Ingredients:
- Raw rice – 1 cup
- Urad dhal flour – 1 tsp
- Ghee/ clarified butter – 2 tsp
- white sesame seeds- 1 tsp
- cardamom powder – a generous pinch
- Salt – a pinch
- Water – as req
- Oil – to deep fry
Procedure:
Making urad dhal powder:
- Dry roast the urad dhal in a pan, until nice aroma comes out. Cool completely and grind it very finely. Sieve the flour and store it in an air tight container for long shelf.
Making Seedai:
- Wash and soak the rice at least for 2 hours and drain it completely and spread over any clean cloth. Allow it to absorb the excess water.
- Grind it very finely and sieve the flour to take any lumps and keep aside.
- Meanwhile heat some oil for fying.
- Heat a heavy bottomed kadai, roast the rice flour. ( do not over roast the flour)
- Place a sauce pan, add grated jaggery and bring it to boil. Filter the jaggery water and keep aside. (do not proceeding to jaggery syrup-one string consistency)
- Now place a wide mixing bowl, add rice flour, urad dhal flour, salt, cardamom powder, sesame seeds, ghee/clarified butter. Mix roughly
- Now add jaggery water to the dry mixture, mix thoroughly. Add water if desired to form a soft pilable dough.
- Cover the dough with a damp cloth.
- Take about baby gooseberry size dough and make into ball shape. Just make the ball roughly, we don’t need any perfect shapes. Here and there cracks would do better.

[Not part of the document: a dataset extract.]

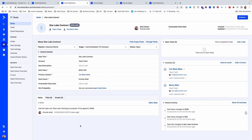And if you have a team, there's space to write notes about every interaction that you have with this company or any of the leads inside this company, so that anyone on your team can track the history of your communications with this client or potential client.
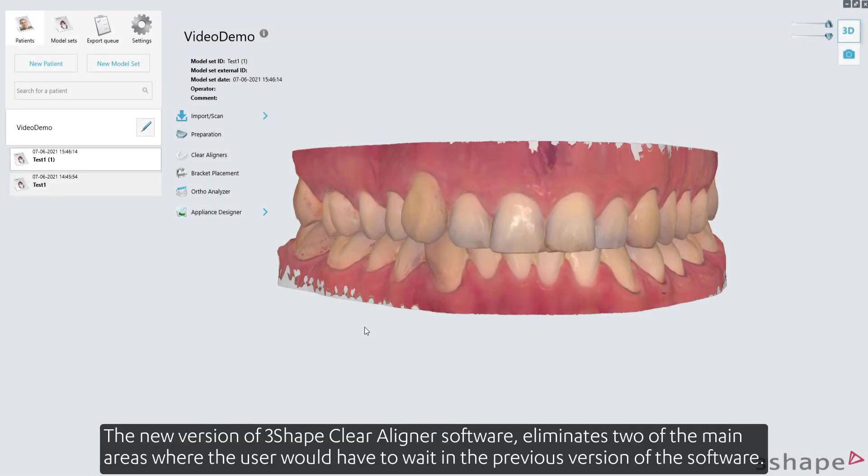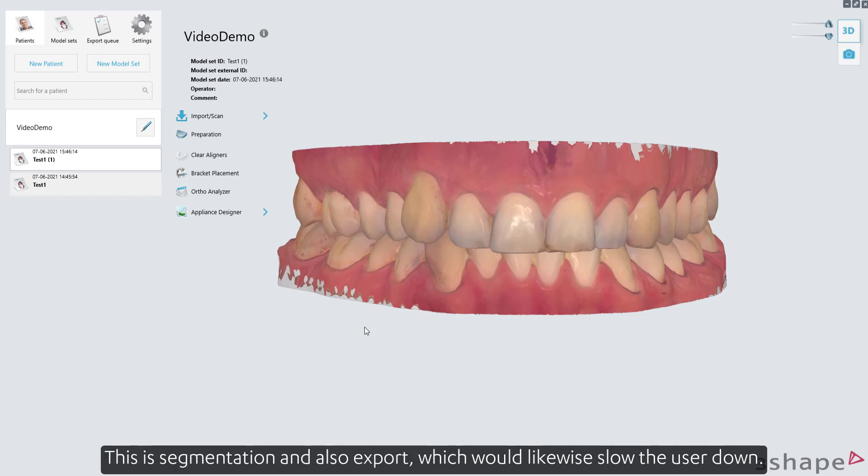The new version of 3Shape Clear Aligner software eliminates two of the main areas where the user would have to wait in previous versions of the software. This is segmentation and also export, which would likewise slow the user down.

- Repeat the same process for rest of the dough and drop into the sides of the pan gently, do not over crowd the pan.
- Stir occasionally, once the sizzle sounds off
- Place the delicious “VELLA SEEDAI” over the paper towel to drain off excess oil.
- Cool completely and store it in an air tight container
NOTE:
- Always keep away from oil once you drop the seedai’s into the hot oil, chances are there to burst ( sometimes)
- Ever don’t try to make perfect shape balls.
- Always fry the seedai’s on low-medium flame.